Apandi, as Attorney-General, is the principal legal adviser to the government and not the final arbiter of law in Malaysia.
In view of the constitutional controversy and crisis precipitated by the “unprecedented” re-appointments of the two top judicial posts, with far-reaching impact on the doctrine of separation of powers and the rule of law in Malaysia, Apandi’s duty is not to write run-of-the-mill articles to UMNO/Barisan Nasional owned/controlled newspapers, but to advise the Prime Minister about Article 130 of the Malaysian Constitution and to seek Federal Court opinion whether Raus’ and Zulkefli’s re-appointments as Chief Justice and Court of Appeal President respectively are constitutional or otherwise?
Last Wednesday, Pakatan Harapan leaders led by Tun Dr.
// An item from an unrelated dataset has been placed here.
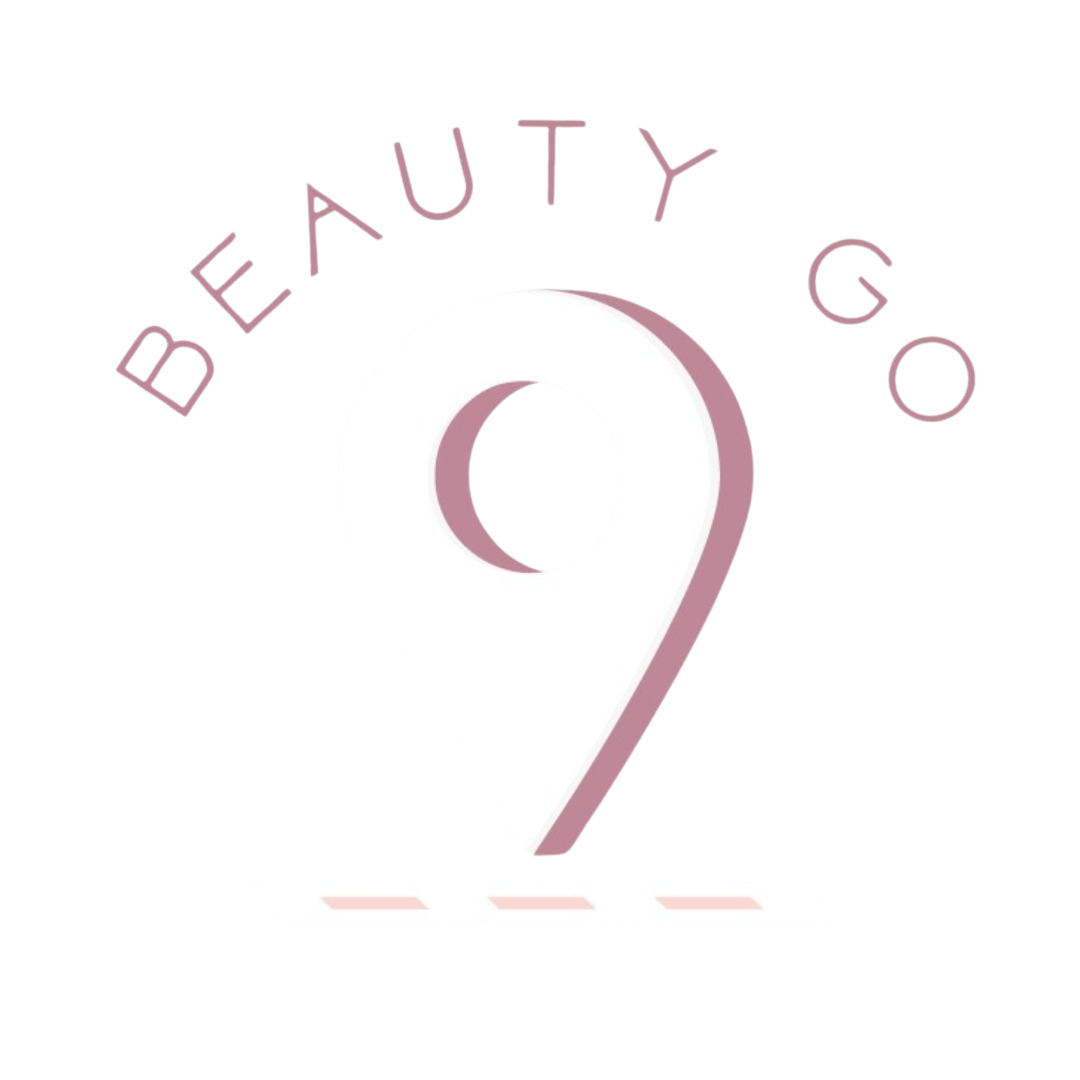 Beauty GO 美容優惠平台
Mahathir Mohamad (Bersatu), Datuk Seri Dr. Wan Azizah Wan Ismail (PKR), Mujahid Yusuf Rawa (AMANAH) and myself (DAP) petitioned the Yang Di Pertuan Agong Sultan Muhammad V to refer the government’s decision to extend the tenures of the two top judicial posts, the Chief Justice and the Court of Appeal President, to the Federal Court.
Article 130 of the Malaysian Constitution on “Advisory jurisdiction of Federal Court” states:
“130. The Yang di-Pertuan Agong may refer to the Federal Court for its opinion any question as to the effect of any provision of this Constitution which has arisen or appears to him likely to arise, and the Federal Court shall pronounce in open court its opinion on any question so referred to it.”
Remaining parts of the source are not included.